● Exercise requirements
Take the lines in the listing below from the line with "Targus ASF17USZ Privacy" up to and including the line with "Wellington do Curso agradece" and set them down exactly, skipping pictures and adding nothing.

● Recorded information
+++
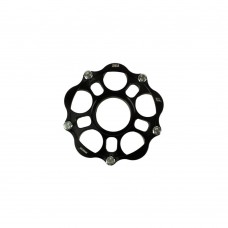Driven Racing Small Hub 5 Hole Quick change Sprocket carrier and sprocket for Ducati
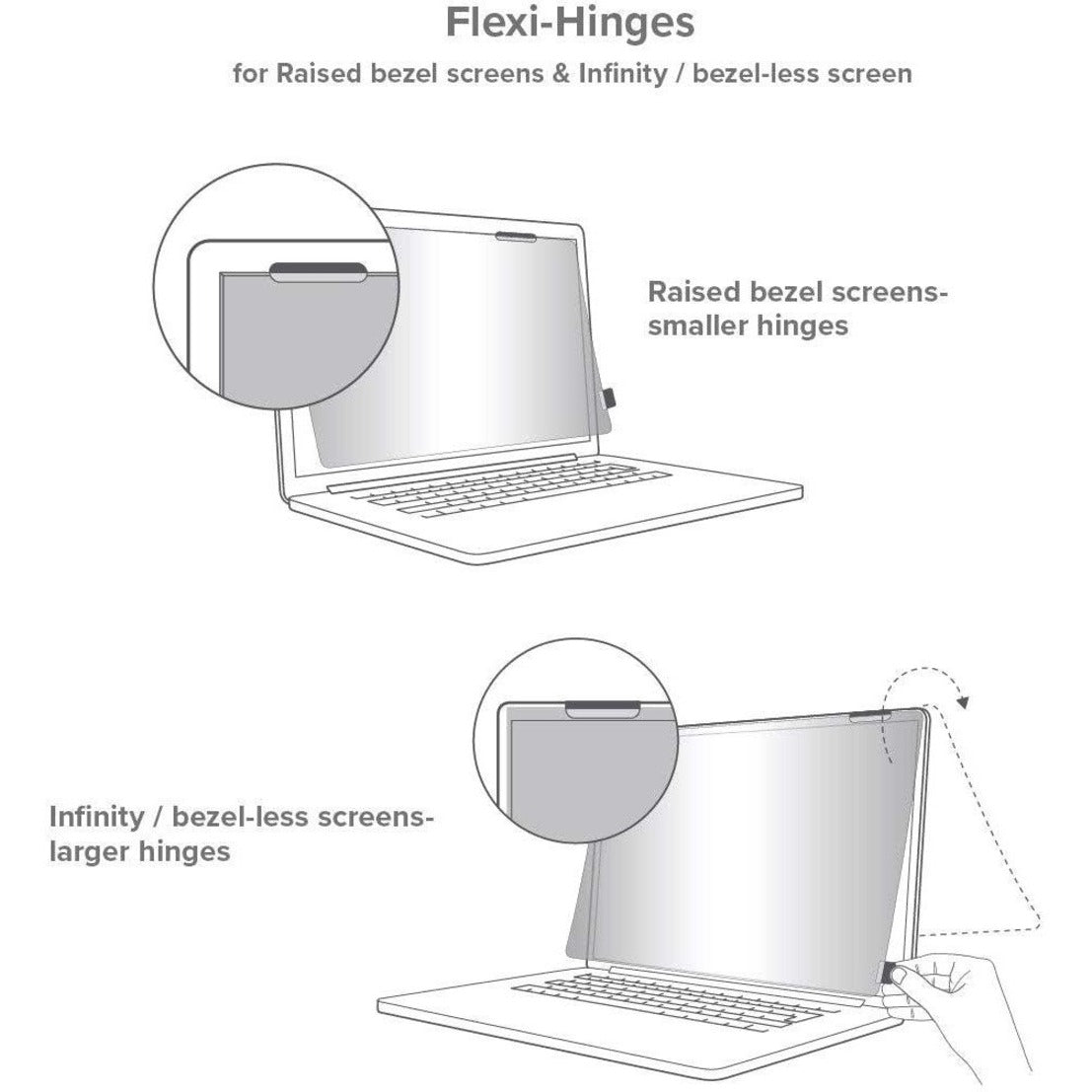 Targus ASF17USZ Privacy Screen Filter - TAA Compliant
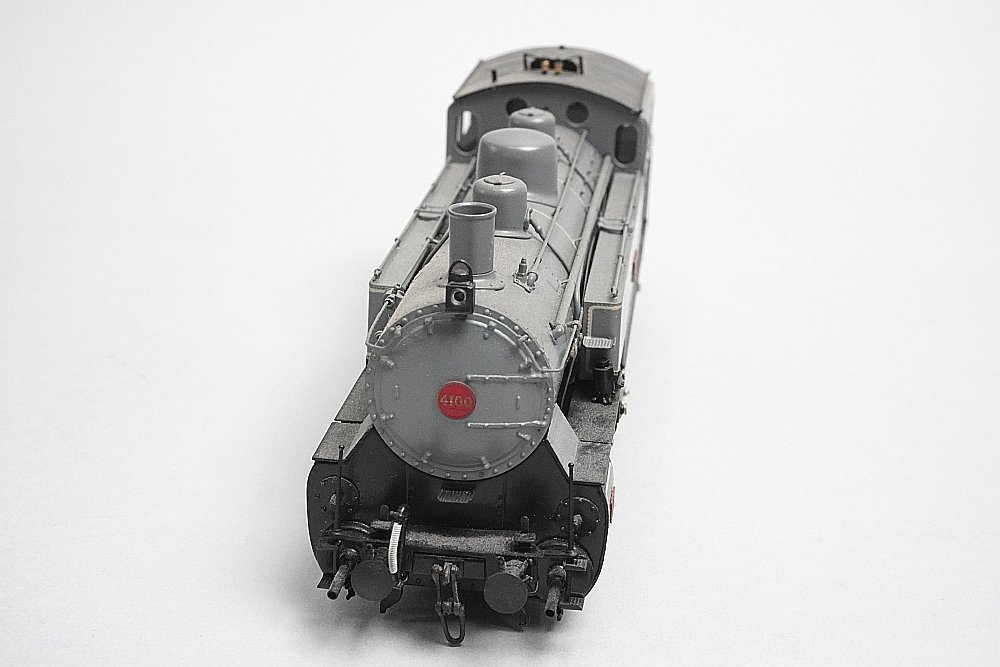 マイクロキャスト水野 HOゲージ JNR 4100 国鉄 4100形 蒸気機関車 1912 J.A.MAFFEI,MUNCHEN_画像6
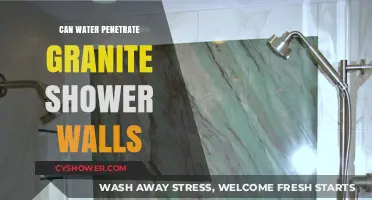 Can Water Penetrate Granite Shower Walls? Facts and Prevention Tips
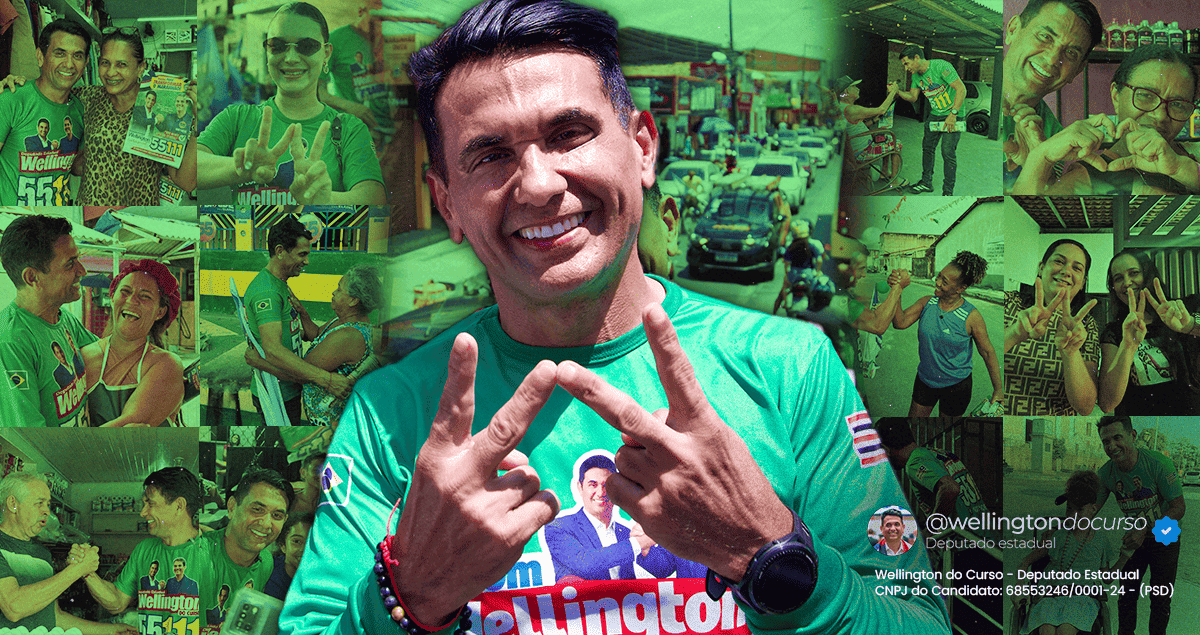 Wellington do Curso agradece 25.740 votos e reafirma compromisso de continuar lutando pelos maranhenses - Wellington do Curso
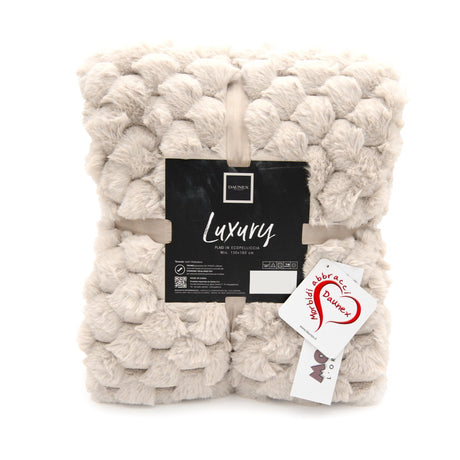 Plaid in MicroPile a Nido d'Ape - Luxury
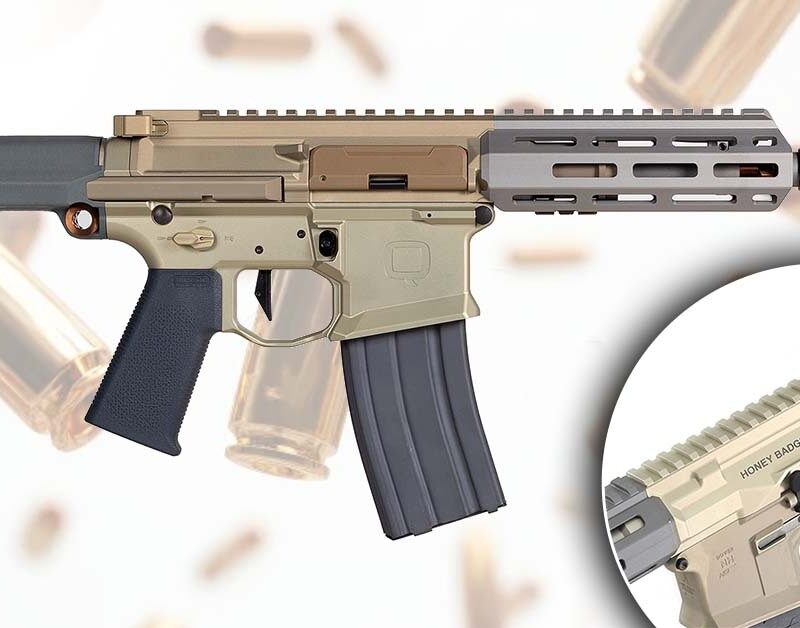 Honey badger gun | Golden Brothers Co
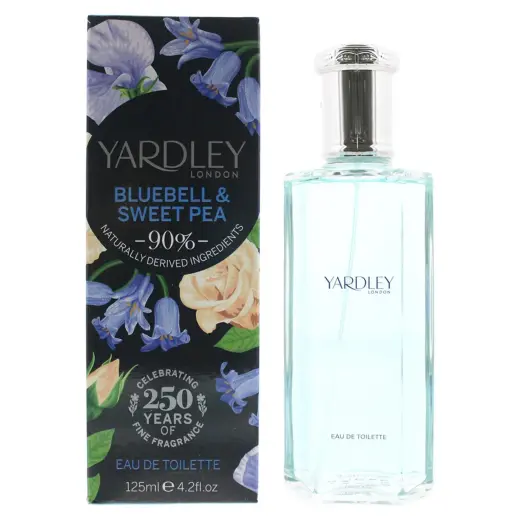 Yardley Bluebell and Sweetpea (EDT) tualetes ūdens sievietēm 125 ml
+++
● Solution for this problem
 Targus ASF17USZ Privacy Screen Filter - TAA Compliant
 マイクロキャスト水野 HOゲージ JNR 4100 国鉄 4100形 蒸気機関車 1912 J.A.MAFFEI,MUNCHEN_画像6
 Can Water Penetrate Granite Shower Walls? Facts and Prevention Tips
 Wellington do Curso agradece 25.740 votos e reafirma compromisso de continuar lutando pelos maranhenses - Wellington do Curso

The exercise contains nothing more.